Baker Hughes announced Tuesday net income for the first quarter 2012 of $379 million, or $0.86 per diluted share. This compares to $0.87 per diluted share for the first quarter 2011, and to adjusted net income (a non-GAAP measure) of $1.22 per diluted share and net income of $0.72 per diluted share for the fourth quarter 2011.
Revenue for the first quarter 2012 was $5.36 billion, up 18 percent compared to $4.53 billion for the first quarter 2011 and down 1 percent compared to $5.39 billion for the fourth quarter 2011.
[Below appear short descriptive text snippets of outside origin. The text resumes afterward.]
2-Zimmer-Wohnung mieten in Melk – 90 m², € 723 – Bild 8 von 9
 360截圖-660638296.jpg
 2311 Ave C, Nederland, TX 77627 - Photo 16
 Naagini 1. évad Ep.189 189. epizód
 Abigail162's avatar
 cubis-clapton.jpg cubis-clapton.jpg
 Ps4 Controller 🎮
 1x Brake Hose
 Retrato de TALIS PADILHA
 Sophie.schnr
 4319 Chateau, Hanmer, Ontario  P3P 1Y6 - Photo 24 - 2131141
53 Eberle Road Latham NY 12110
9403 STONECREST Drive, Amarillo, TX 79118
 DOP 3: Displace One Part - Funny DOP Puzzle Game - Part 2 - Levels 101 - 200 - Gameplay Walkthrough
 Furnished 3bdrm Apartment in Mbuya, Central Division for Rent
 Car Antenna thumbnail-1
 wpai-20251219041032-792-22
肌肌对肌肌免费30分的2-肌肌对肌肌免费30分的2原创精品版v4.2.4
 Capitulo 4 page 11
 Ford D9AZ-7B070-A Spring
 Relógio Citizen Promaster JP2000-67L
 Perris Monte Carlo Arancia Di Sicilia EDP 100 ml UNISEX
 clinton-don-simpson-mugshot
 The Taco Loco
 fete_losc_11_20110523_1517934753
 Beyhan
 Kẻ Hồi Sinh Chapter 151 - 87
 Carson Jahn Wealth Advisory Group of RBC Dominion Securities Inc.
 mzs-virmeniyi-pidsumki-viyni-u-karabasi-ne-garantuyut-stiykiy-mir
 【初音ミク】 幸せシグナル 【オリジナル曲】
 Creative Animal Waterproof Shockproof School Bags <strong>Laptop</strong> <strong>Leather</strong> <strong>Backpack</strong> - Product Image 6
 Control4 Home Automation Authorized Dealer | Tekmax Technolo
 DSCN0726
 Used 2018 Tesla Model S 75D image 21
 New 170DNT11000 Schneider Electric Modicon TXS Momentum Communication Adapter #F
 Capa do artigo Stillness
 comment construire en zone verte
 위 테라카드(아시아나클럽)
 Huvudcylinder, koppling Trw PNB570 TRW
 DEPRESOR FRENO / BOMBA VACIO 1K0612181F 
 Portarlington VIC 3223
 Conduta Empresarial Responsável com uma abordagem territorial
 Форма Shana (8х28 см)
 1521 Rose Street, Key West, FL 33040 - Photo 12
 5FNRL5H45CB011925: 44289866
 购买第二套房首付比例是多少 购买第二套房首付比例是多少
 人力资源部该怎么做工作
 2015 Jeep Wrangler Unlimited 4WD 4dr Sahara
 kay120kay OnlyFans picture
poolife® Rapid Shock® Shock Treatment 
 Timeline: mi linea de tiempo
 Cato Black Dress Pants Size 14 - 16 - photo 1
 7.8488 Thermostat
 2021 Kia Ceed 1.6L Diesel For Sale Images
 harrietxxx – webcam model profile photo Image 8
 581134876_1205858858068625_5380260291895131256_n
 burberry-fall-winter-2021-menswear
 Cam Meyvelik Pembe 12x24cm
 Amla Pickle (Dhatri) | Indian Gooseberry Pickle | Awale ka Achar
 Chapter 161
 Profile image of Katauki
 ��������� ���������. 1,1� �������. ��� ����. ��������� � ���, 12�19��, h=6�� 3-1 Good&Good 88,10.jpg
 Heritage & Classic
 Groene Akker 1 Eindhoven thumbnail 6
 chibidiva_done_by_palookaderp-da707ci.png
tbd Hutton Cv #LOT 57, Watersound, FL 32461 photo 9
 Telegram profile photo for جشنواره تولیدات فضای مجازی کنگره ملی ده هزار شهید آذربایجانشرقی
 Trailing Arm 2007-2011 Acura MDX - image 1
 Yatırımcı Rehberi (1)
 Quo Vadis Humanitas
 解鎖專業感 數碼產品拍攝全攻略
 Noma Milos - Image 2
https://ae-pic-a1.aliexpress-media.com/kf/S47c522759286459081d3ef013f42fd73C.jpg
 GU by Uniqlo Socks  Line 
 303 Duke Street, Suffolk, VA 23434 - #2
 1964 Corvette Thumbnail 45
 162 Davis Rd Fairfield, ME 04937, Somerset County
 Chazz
"Our international business performed very well, relative to the typical seasonal declines we see in the first quarter. In particular, the performance of the Europe/Africa/Russia Caspian segment was excellent, driven by strong results across Africa where we provided drilling and evaluation services on multiple high-profile exploration wells in Nigeria, Angola and Mozambique," said Martin Craighead, Baker Hughes President and Chief Executive Officer. "Our technology enabled us to differentiate on many important new contracts including a high-pressure, high-temperature Wireline contract in Europe, and an Artificial Lift contract for approximately 1,000 wells in Russia. Furthermore, during the quarter we began work on our first Integrated Operations contract in Iraq, and we expect to see further growth in this business throughout the year.
"As previously disclosed, margins in North America were lower than the fourth quarter due to challenges in the Pressure Pumping product line, including the rapid transition from natural gas to oil-directed drilling rig activity, the increasing supply of Pressure Pumping capacity across the market, as well as company specific supply chain challenges. We are addressing our supply chain challenges by improving our distribution network, increasing supplies of critical raw materials and enhancing the utilization of our fleets and other critical assets," Craighead added.
"We expect to realize significant benefits from these improvements in the second half of 2012; however, it is clear that the overall market is experiencing pricing pressure that is likely to extend throughout 2012.
"Our other product lines continue to post impressive revenue and operating results in North America," Craighead continued. "Our technological advantages across many of our product lines continue to drive superior performance, and the shift to oil-directed drilling has been very beneficial for our Drilling, Completions, Upstream Chemicals and Artificial Lift product lines."
Debt increased by $449 million to $4.52 billion compared to the fourth quarter 2011. Cash decreased by $270 million to $780 million compared to the fourth quarter 2011.
Capital expenditures were $671 million, depreciation and amortization expense was $363 million, and dividend payments were $65 million in the first quarter 2012.
Adjusted EBITDA (a non-GAAP measure) in the first quarter 2012 was $990 million, down $194 million sequentially.